Looking at the process through psutil and Python

Lately I have been trying to improve my system administration skills. I needed to monitor some of the running processes. To do that I used psutil module in Python. It is a cross platform module to parse the information about running process. It also provides information on how the system is being utilized. In the area of - CPU, memory, disks, network, sensors. The name psutil is the abbreviation for - process and system utilities. It supports the following platforms:

  • Linux
  • Windows
  • macOS
  • FreeBSD, OpenBSD, NetBSD
  • Sun Solaris
  • AIX

…both 32-bit and 64-bit architectures. Supported Python versions are 2.6, 2.7 and 3.4+. PyPy3 is also known to work.

Process class

Process is an running program. Wikipedia defines process as “In computing, a process is the instance of a computer program that is being executed by one or many threads. It contains the program code and its activity. “

I use Fedora as my primary Operating System. The Linux filesystem contains the process related information in /proc directory. It does not stay inside the disk instead kernel creates it in its memory. /proc contains information about the system such as :

  • /proc/cpuinfo contains the information about the cpu like number of cores etc.
  • message output by kernel found in /proc/kmsg routed to syslog
  • /proc/meminfo has the information about the available system memory
  • /proc/ioports describes which input and output ports are being used.

Also there other details available in the /proc directory. One can find more information about this at

The psutil module helps us to find all these information through program. If we know the pid of a running process, we can get an instance of the [Process] class.

p = psutil.Process(7134)

Here I am using the pid value of 7134.

Now, we can check for the process name, and command line arguments. We
can also find the details about the init process or mother process or parent process.
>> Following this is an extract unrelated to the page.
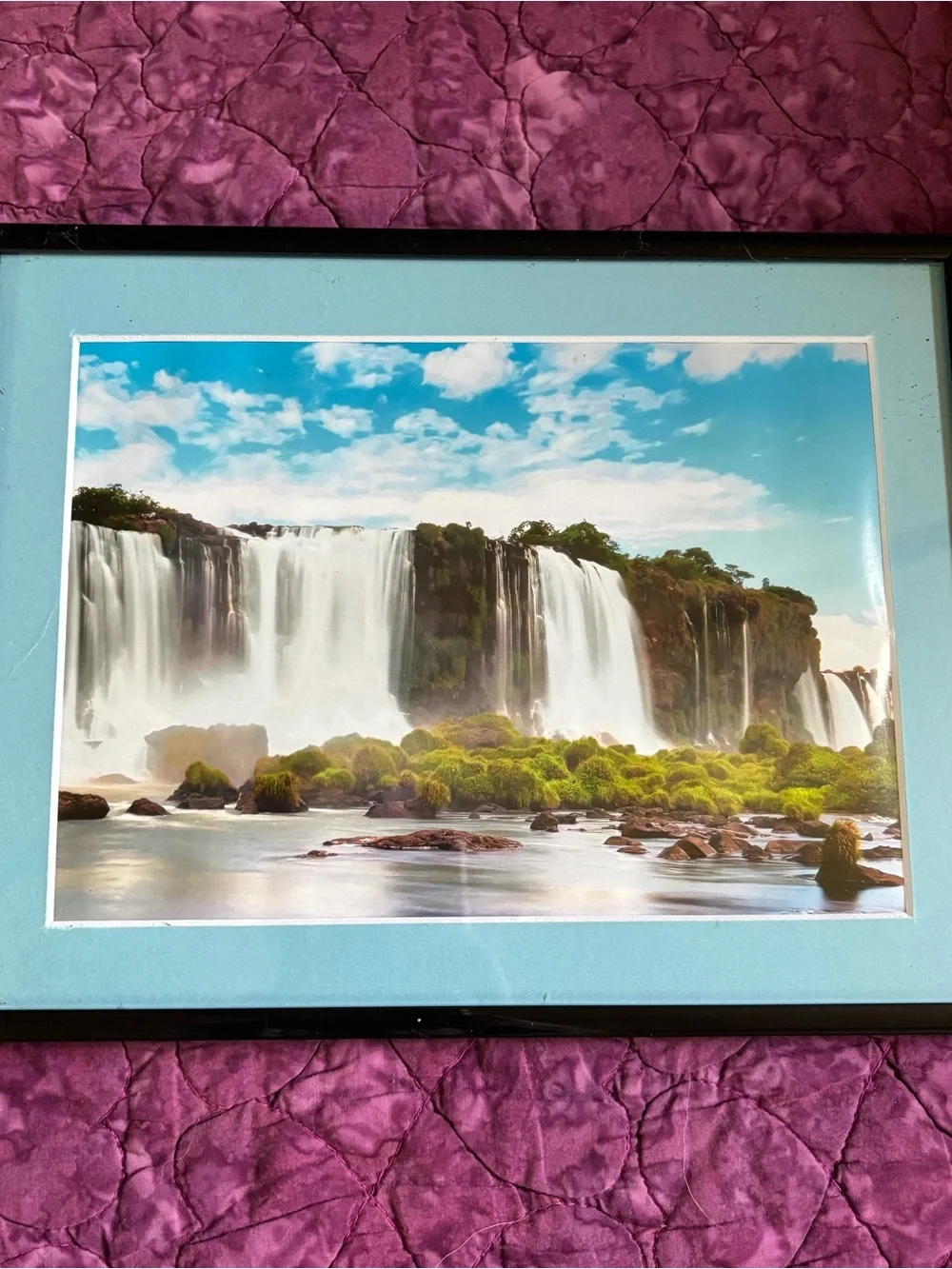 Set of two framed photos - waterfall and horse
>>> print(f"Name of the process : {p.name()}")

Name of the process : hexchat

>>> print(f"Parent process : {p.ppid()}")

Parent process : 2116

>>> print(f"Command Line : {p.cmdline()}")

Command Line : ['hexchat', '--existing']

Next we are getting executable, username, uid and gid

>>> print(f"The process executable as an absolute path : {p.exe()}")

The process executable as an absolute path : /usr/bin/hexchat 

>>> print(f"Username : {p.username()}")

Username : adas

>>> print(f"uid : {p.uids()}")

uid : puids(real=1000, effective=1000, saved=1000)

>>> print(f"uid : {p.gids()}")

gid : pgids(real=1000, effective=1000, saved=1000)

To get the environment variable:

>>> print(f"The environment variables of the process as a dictionary : {p.environ()}")

It returns a dictionary in key, value pair. I did not print the full output because the length :)

The environment variables of the process as a dictionary : {'SHELL': '/bin/bash', 'HISTCONTROL': 'ignoredups', 'HOSTNAME': ‘localhost.localdomain',

You can get network connection details in and all the open files by the process.

>>> for conn in p.connections():

...      print(f" Socket file descriptor: {conn.fd}\n Address family : {conn.family}\n Local address : {conn.laddr}\n Remote address : {conn.raddr}\n Status of a TCP connection : {conn.status}")

 Socket file descriptor: 15
 Address family : 2
 Local address : addr(ip='', port=56080)
 Remote address : addr(ip='1xx.xx.xxx.xxx', port=8080)
 Status of a TCP connection : ESTABLISHED

To know more functions and options have a look at the documentation of psutil.